About this task | Copy out the lines of the records below, and only those lines, from the one with "light khaki cotton" through the one with "Accmor Formula Dispenser", exactly as they appear.

Input material |
⟨

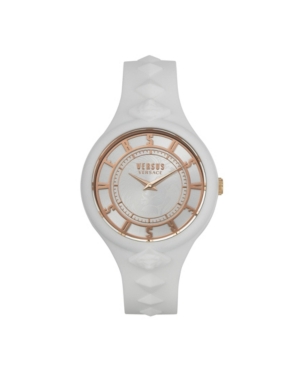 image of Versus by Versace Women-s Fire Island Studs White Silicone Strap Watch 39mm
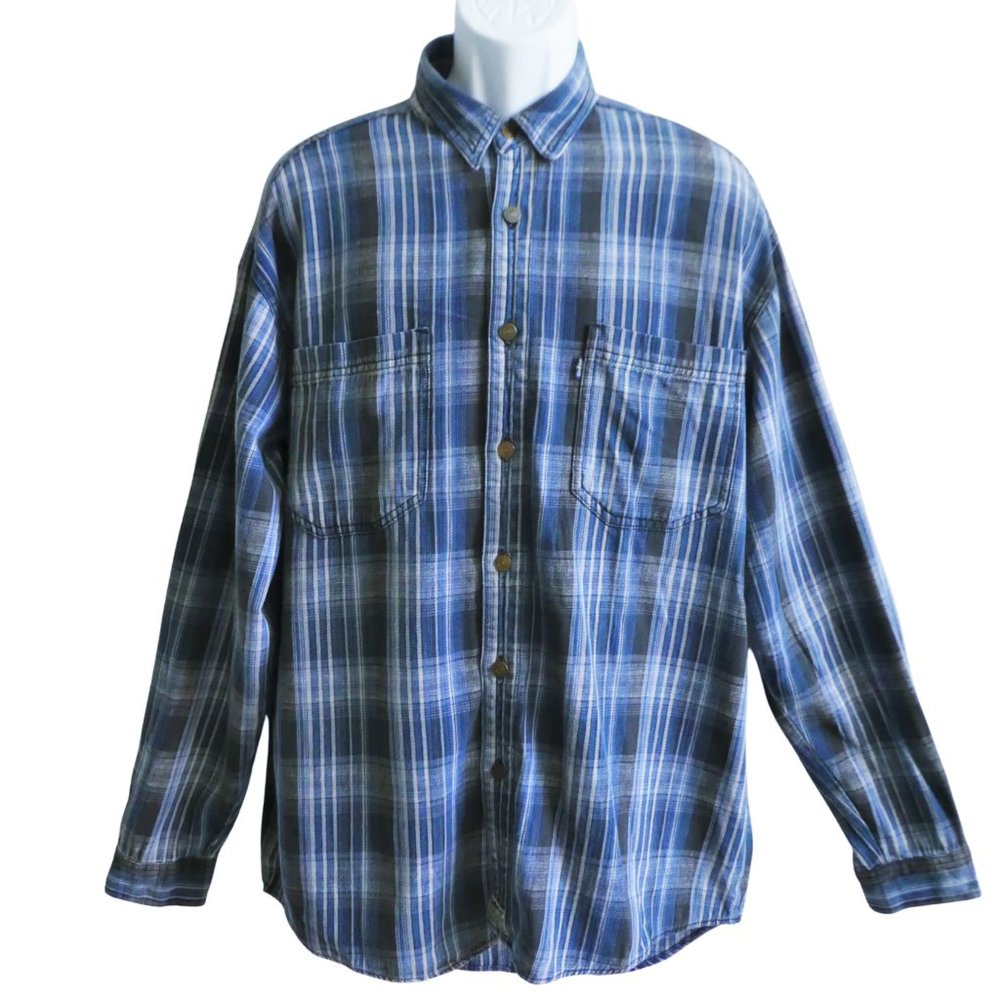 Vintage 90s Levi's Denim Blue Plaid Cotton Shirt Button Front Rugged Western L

⟩
⟨

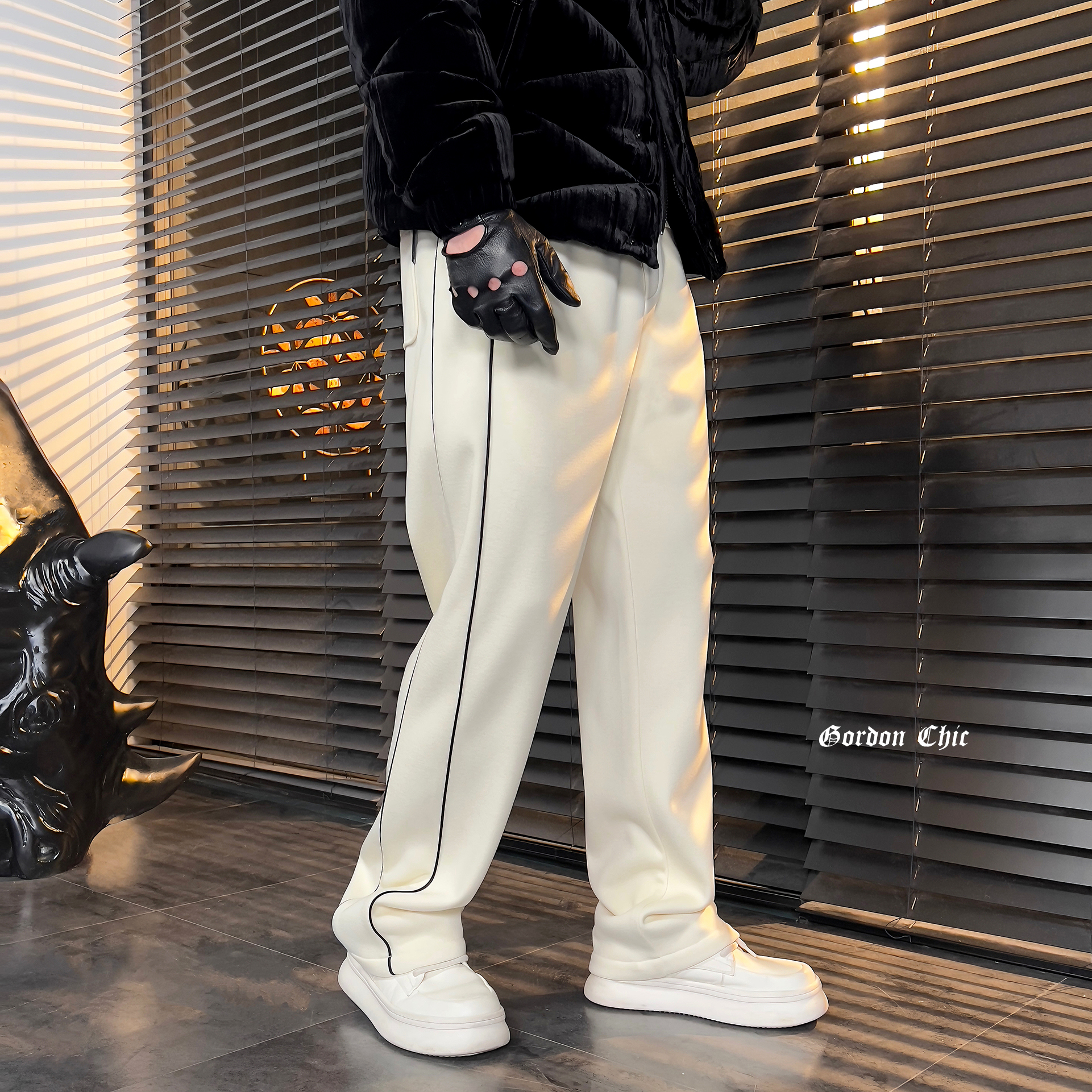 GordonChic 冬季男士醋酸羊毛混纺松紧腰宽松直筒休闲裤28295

⟩
⟨

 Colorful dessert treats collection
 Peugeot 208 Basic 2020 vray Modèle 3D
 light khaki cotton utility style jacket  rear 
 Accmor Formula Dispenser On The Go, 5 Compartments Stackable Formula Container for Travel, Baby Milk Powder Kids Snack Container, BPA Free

⟩

Answer below |
 light khaki cotton utility style jacket  rear 
 Accmor Formula Dispenser On The Go, 5 Compartments Stackable Formula Container for Travel, Baby Milk Powder Kids Snack Container, BPA Free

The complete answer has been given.